Identity is a constraint document. The signers manifest is reviewed, committed, and verified the same way any other constraint set is. There is no separate identity subsystem the engineer has to integrate. The corpus's broader claim — that conventional auth subsystems collapse into constraint documents under this discipline — is operational at the platform level here, in a way the engineer can read and audit.
The MVE is honest about its scope. The protocol does not yet support delta encoding, compression, multi-tenancy, branch-like workflows, push-time conflict resolution, mirroring, webhooks, or read access controls. Each of these is a roadmap item with a clean architectural path; none is required for the structural argument. Teams adopting rederive should size the limits against their actual scale.
This concludes the comprehensive series of branches off the rederive hub. The engineer who has read all five has the working picture: how to author constraints (Doc 660), what the platform does with them (Doc 661), how acceptance is gated (Doc 662), how identity flows through the system (Doc 663), and how repositories synchronize across machines (this document). The remaining hub aspects (Pin-Art discipline, composition, the substrate interface, signers detail, the browser UI, multi-call derivation) are folded into the hub itself and may be promoted to their own comprehensive documents as practitioner demand surfaces.
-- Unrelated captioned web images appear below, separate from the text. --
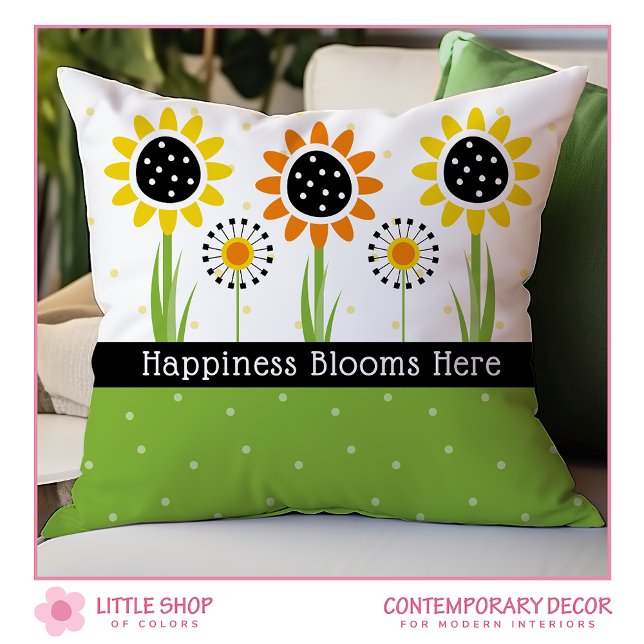 Yellow Orange Sunflowers Customizable Kissen (Von Creator hochgeladen)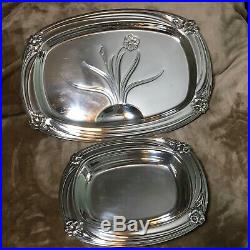 Daffodil 1847 Roger Bros Silverplate Serving Trays(2) 9910, 9912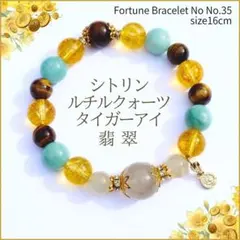 ルチルクォーツ×シトリン×翡翠×タイガーアイ パワーストーンブレスレット
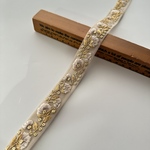約2.5cm幅/刺繍リボン/チュール/ベージュ/ワントーン/細リボン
The structural argument is in your hands; the platform sketch is on disk; the keeper is available for the conversations that come next.
References
- Doc 247 — Derivation Inversion
- Doc 290 — Pin-Art Derivation
- Doc 619 — Pin-Art: Forced-Press and Gentle-Press
- Doc 656 — Treat Agent Output Like Compiler Output: The Lights-Out Codebase as Rederive
- Doc 658 — Hierarchical Pin-Art Constraint Specifications and the Erasure of Edge-Case Bugs
- Doc 659 — Rederive for the Working Engineer: A Hub
- Doc 660 — Rederive: The Constraint Authoring Grammar
- Doc 661 — Rederive: The Build Pipeline
- Doc 662 — Rederive: The Verification Backends
- Doc 663 — Rederive: Content-Addressed Identity and Pin Manifests
Appendix: Originating Prompt
"Now I want you to examine the entire spec and implementation of /home/jaredef/rederive — From this I want you to create entracement docs in the corpus for an audience of software engineers. ... First, create a document in the corpus that acts as a hub for all stubs that will branch off ... Append this prompt to each artifact. Also, where you could use corpus jargon, instead entrace the reader through rhetoric that is not novel to the corpus. Where you must state the corpus concept in its own terms; provide proper entracement."
Followed by: "Continue with the first branch of the hub derived as a corpus doc. Continue through each as is coherent."
Followed by: "Now fill out stub A as a comprehensive entracement. Remove 'stub' from file name and any mention in the doc. Report back before doing likewise to the next doc."
Followed by: "Continue." (advancing through the build pipeline, verification backends, identity and pin manifests, and arriving at this final document on the wire protocol.)